Ok, it’s not a movie, but when I was a little kid (maybe like 5), the Haunted Mansion in Disney World gave me the heebie-jeebies. I remember balling my eyes out, screaming, and not wanting to go into the place with the rest of my family. I covered my face for the whole ride, but decided to go back on and then loved it.

Ba-Chomp, Ba-Chewy-Chewy-Chomp!

Chestnuts roasted by Mutant Stan @ 05/15/2004 11:51 AM


The It’s a Small World ride at Disney World still gives me the creeps. I went on it when I was 13 and all the creepy dolls singing that horrible song still makes me shudder. Also the Alien thing, if they still have it. That was scary.

Chestnuts roasted by Stacey @ 05/15/2004 1:40 PM


On the subject of rides, once there was a theme park in San Jose called Frontier Village (Fastest Fun in the West!) that had one of those haunted house rides. It was called "The Lost Dutchman’s Mine" and it was borderline cheesy. half the time, it was pitch black, the other half was loud noises and black light dioramas. You know the kind. Even then, I wasn’t too keen on certain kinds of surprise. BLAM! AHH-HA-HA-HA! yeeeoww! Now, I can go into most Haunted houses and my MST reflexes take over.
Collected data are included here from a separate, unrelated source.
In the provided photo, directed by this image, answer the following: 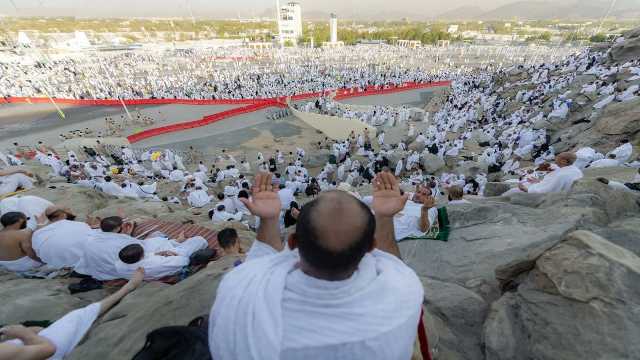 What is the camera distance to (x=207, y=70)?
47.2 meters

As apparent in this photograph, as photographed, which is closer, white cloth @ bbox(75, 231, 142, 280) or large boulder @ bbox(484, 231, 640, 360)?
large boulder @ bbox(484, 231, 640, 360)

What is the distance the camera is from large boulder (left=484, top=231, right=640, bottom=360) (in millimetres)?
1809

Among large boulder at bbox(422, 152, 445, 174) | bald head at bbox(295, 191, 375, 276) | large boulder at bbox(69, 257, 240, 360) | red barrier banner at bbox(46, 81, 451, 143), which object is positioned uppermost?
bald head at bbox(295, 191, 375, 276)

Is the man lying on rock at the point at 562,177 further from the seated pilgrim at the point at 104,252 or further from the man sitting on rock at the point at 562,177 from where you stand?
the seated pilgrim at the point at 104,252

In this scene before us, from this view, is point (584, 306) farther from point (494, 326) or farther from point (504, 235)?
point (504, 235)

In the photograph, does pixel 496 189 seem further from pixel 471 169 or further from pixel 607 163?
pixel 471 169

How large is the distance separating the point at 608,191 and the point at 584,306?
10.3 ft

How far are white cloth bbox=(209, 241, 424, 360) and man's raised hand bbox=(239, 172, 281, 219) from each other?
0.67m

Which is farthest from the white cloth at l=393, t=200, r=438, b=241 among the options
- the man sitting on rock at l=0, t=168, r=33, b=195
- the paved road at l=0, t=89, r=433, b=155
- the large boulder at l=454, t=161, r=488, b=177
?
the paved road at l=0, t=89, r=433, b=155

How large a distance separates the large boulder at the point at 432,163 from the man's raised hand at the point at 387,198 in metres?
11.0

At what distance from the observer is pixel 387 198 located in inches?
69.9

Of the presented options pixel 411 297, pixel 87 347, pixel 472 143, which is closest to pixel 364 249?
pixel 411 297

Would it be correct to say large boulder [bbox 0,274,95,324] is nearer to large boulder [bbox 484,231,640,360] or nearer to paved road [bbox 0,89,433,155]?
large boulder [bbox 484,231,640,360]

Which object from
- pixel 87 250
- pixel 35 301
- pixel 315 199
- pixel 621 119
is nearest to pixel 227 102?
pixel 621 119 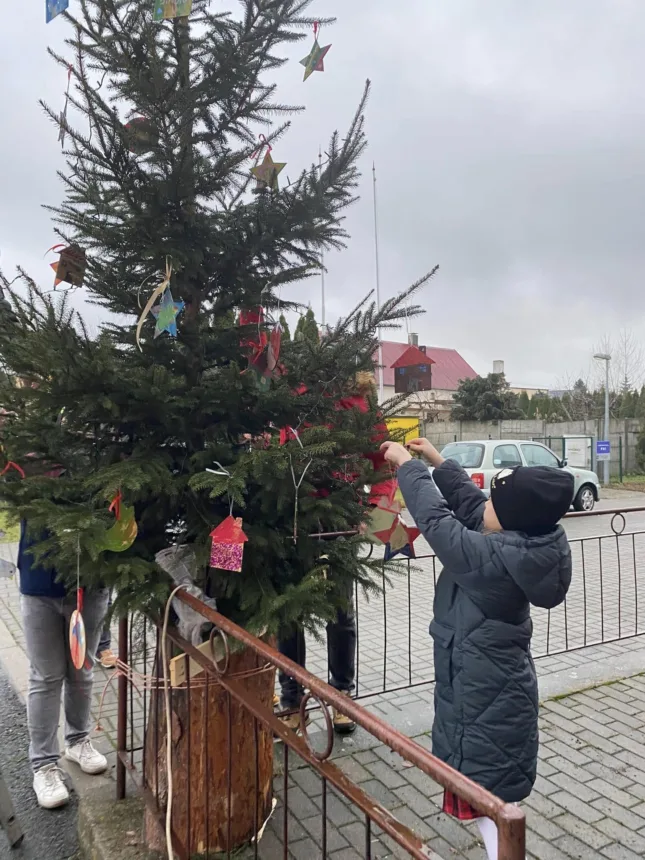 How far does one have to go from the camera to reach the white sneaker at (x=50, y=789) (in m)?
2.95

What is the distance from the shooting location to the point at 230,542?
6.73 ft

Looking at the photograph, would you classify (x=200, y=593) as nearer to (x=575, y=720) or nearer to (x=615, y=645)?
(x=575, y=720)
Chestnuts roasted by kingklash @ 05/15/2004 2:38 PM


On the subject of movies scaring you…okay, I wasn’t exactly a kid (I was 14), and the movie probably wasn’t intended to be scary, but it freaked me out. The movie was the 1976 made for TV movie "Sybil". Something about it scared the bejesus out of me. I maintained, and still do, that it’s far too intense of a movie to be showing to a bunch of 14-year-old Health Class students. It freaked me out for a long time, and I finally got over it very recently by reading the book that the movie was based on. My own form of catharsis, I guess.

Chestnuts roasted by Jeremy @ 05/15/2004 4:16 PM


Roses are red,
Violets are blue.
I have multiple personalities,
And so do I.

Chestnuts roasted by kingklash @ 05/15/2004 4:35 PM


When I was young I sat and watched Silence of the Lambs with my parents. OMG! they let me watch it with them b/c they knew I never really freaked out with scary movies, but when it comes to things that could acutally be true, my mind starts to think about ppl that would actually eat other ppl, and guys that take girls and stick them in their basement!!
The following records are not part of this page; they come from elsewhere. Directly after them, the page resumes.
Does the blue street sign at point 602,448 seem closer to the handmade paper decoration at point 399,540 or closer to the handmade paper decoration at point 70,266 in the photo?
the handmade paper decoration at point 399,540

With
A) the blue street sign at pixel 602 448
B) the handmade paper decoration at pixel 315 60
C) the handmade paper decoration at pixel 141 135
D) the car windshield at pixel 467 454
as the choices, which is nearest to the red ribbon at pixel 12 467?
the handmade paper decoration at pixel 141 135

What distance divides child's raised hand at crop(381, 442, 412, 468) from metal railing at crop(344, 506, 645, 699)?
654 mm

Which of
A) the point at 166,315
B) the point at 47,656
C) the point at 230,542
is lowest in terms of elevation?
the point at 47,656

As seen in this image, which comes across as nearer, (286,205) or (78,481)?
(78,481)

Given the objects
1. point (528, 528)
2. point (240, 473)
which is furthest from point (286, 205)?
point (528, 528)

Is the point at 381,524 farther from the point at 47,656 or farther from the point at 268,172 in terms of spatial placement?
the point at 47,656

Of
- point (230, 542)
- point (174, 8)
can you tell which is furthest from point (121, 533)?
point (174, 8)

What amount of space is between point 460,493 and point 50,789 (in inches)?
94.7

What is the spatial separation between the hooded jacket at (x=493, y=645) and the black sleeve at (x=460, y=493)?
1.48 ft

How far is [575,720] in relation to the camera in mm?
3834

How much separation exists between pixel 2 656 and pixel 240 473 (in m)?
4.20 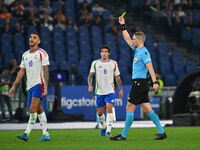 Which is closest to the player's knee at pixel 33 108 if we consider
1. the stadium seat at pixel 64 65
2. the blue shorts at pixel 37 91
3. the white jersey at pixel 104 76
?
the blue shorts at pixel 37 91

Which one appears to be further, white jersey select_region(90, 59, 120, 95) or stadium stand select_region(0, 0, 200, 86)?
stadium stand select_region(0, 0, 200, 86)

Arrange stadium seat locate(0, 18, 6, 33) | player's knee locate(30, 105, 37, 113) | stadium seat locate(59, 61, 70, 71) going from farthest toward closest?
stadium seat locate(0, 18, 6, 33)
stadium seat locate(59, 61, 70, 71)
player's knee locate(30, 105, 37, 113)

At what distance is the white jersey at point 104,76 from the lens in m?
12.1

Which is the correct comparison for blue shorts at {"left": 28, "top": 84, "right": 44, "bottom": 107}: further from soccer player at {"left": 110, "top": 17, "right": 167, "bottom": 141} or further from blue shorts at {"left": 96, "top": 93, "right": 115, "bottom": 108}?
blue shorts at {"left": 96, "top": 93, "right": 115, "bottom": 108}

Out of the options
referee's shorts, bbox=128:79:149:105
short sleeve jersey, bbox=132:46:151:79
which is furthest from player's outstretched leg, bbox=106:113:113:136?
short sleeve jersey, bbox=132:46:151:79

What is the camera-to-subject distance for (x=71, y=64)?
995 inches

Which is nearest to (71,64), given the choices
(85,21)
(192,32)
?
(85,21)

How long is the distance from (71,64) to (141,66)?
1545 centimetres

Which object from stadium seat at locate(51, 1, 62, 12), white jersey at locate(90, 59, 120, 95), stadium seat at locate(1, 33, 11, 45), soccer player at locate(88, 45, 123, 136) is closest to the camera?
soccer player at locate(88, 45, 123, 136)

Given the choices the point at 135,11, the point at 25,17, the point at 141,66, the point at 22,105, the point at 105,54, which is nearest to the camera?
the point at 141,66

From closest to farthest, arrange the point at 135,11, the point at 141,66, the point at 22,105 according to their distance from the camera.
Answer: the point at 141,66, the point at 22,105, the point at 135,11

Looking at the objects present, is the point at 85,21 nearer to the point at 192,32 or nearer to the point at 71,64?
the point at 71,64

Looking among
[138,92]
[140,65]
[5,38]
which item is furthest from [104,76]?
[5,38]

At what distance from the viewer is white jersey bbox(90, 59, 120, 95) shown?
12.1m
Also when I was really young, I was scared of the old bird lady in Marry Poppins, the reason is she was so old and poor, it made me think about death. My mom told me I used to run out of the room crying when that part came on.
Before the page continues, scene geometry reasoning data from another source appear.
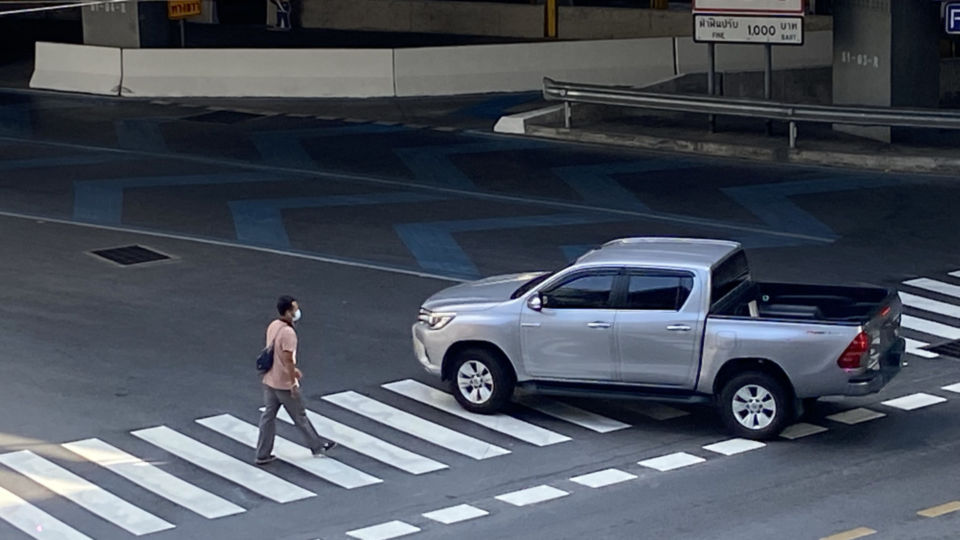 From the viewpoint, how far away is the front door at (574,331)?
52.0 feet

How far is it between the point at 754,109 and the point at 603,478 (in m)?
15.9

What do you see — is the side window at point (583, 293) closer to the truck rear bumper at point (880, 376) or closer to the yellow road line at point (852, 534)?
the truck rear bumper at point (880, 376)

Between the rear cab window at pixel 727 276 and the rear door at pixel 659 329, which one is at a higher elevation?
the rear cab window at pixel 727 276

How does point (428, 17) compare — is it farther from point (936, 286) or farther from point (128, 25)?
point (936, 286)

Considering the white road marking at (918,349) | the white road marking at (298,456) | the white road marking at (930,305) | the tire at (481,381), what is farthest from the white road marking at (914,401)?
the white road marking at (298,456)

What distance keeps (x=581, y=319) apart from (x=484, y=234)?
26.4 ft

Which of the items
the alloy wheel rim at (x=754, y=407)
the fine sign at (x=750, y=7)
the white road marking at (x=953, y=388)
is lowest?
the white road marking at (x=953, y=388)

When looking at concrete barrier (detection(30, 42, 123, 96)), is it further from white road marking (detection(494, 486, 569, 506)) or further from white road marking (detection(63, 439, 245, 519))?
white road marking (detection(494, 486, 569, 506))

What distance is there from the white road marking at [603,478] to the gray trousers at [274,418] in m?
2.45

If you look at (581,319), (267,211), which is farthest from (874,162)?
(581,319)

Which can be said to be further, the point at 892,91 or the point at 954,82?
the point at 954,82

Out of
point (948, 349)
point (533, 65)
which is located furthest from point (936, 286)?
point (533, 65)

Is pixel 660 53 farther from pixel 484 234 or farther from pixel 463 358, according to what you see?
pixel 463 358

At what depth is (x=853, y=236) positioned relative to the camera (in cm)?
2338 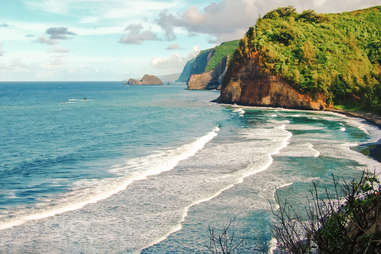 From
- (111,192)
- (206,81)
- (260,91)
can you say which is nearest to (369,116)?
(260,91)

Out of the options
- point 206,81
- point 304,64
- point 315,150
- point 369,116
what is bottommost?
point 315,150

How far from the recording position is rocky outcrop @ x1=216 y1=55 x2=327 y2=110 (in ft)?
197

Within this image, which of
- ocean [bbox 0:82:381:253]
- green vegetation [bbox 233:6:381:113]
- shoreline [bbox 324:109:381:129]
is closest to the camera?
ocean [bbox 0:82:381:253]

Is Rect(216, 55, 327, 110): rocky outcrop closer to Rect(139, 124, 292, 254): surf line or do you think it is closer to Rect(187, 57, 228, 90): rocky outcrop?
Rect(139, 124, 292, 254): surf line

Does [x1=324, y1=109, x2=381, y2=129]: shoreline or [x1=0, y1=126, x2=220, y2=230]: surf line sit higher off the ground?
[x1=324, y1=109, x2=381, y2=129]: shoreline

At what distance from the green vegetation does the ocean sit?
2584 cm

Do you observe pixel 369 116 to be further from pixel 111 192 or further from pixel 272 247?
pixel 272 247

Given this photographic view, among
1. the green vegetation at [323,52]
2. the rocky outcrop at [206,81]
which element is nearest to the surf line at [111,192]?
the green vegetation at [323,52]

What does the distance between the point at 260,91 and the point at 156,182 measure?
162 ft

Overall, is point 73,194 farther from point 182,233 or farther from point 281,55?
point 281,55

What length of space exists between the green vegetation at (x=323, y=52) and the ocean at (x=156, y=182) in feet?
84.8

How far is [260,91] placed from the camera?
64.4 meters

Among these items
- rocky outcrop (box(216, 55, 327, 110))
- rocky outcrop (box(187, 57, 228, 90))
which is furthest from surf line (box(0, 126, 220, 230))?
rocky outcrop (box(187, 57, 228, 90))

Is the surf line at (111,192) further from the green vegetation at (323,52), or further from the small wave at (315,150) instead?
the green vegetation at (323,52) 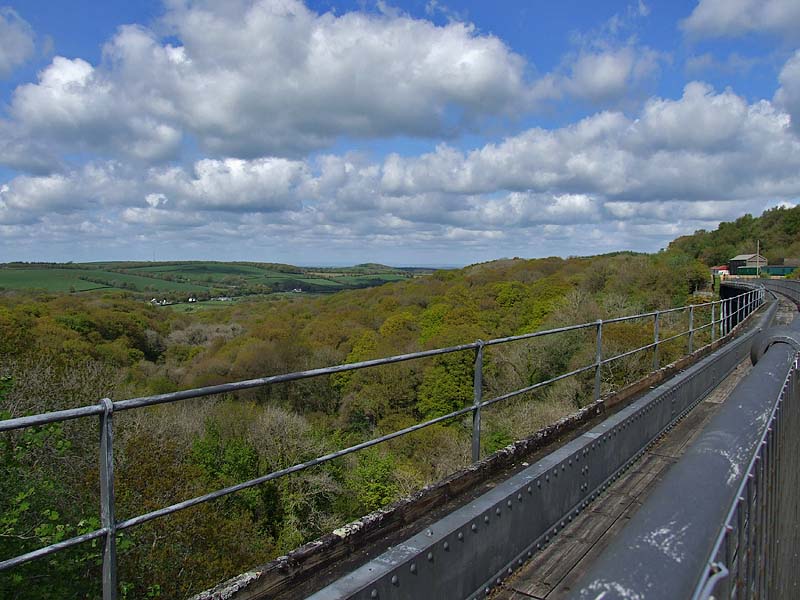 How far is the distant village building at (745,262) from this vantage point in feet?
253

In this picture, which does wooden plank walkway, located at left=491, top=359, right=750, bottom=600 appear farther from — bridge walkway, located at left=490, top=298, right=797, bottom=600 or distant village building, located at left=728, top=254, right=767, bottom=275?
distant village building, located at left=728, top=254, right=767, bottom=275

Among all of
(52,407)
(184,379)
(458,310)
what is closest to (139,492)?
(52,407)

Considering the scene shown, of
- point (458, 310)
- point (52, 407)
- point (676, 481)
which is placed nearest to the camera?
point (676, 481)

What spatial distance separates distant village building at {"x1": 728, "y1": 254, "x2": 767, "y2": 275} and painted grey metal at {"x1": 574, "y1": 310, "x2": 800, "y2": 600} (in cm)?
8592

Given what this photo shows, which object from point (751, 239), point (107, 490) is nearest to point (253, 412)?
point (107, 490)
And in the movie The never ending story, I didnt like it when Artex the horse was sinking in the mud :(

what about the movie Labrynth(SP?) I loved it but, David Bowie was pretty freaky in some spots!

And thats about all I can think of right now!

Chestnuts roasted by Marzi @ 05/15/2004 8:37 PM


Mutant Stan, Trey Parker and Matt Stone based your name sake on a real person from Camp Jabberwocky in their Executive Produced "How’s Your News?"

http://www.howsyournews.com/crew.html?PHPSESSID=014de3086384503dff6133c02191235d
"Robert Bird or ‘Bobby’, as most of us know him, is 48 years old and lives in Massachusetts with his mother. He works in a pet store, caring for the animals and cleaning. He has downs syndrome and an interesting speech impediment which makes all of his words sound like gibberish. He understands everything which is said to him however."

Chestnuts roasted by Citizen X @ 05/15/2004 9:05 PM


Oh, I forgot to mention…there was a scene in one of Stephen King’s movies (I think it was Pet Cemetary) in which the main character has a flashback of when she was a child. She had a sickly older sister (might have had anorexia I think) whom she had to take care of…she’d go into the room only to find the older sister squirming in her bed screaming for her sister…she was very skinny, pale and in so much pain. Just the sight of the sickly girl gave me the heebie Jeebies…

Chestnuts roasted by The Dragon @ 05/15/2004 9:30 PM


>>The It’s a Small World ride at Disney World still gives me the creeps.

try having the freakin’ ride break down for 30 min.’s with the music still playing and the dolls still moving and junk. now THAT is creepy!

Chestnuts roasted by randomness @ 05/15/2004 10:07 PM


Twilight Zone: The movie.
I was five years old. Good idea, Mom.

Chestnuts roasted by Midi Amin @ 05/16/2004 12:25 PM


This is gonna sound really lame but the Nightmare on Elm St films always freaked me out.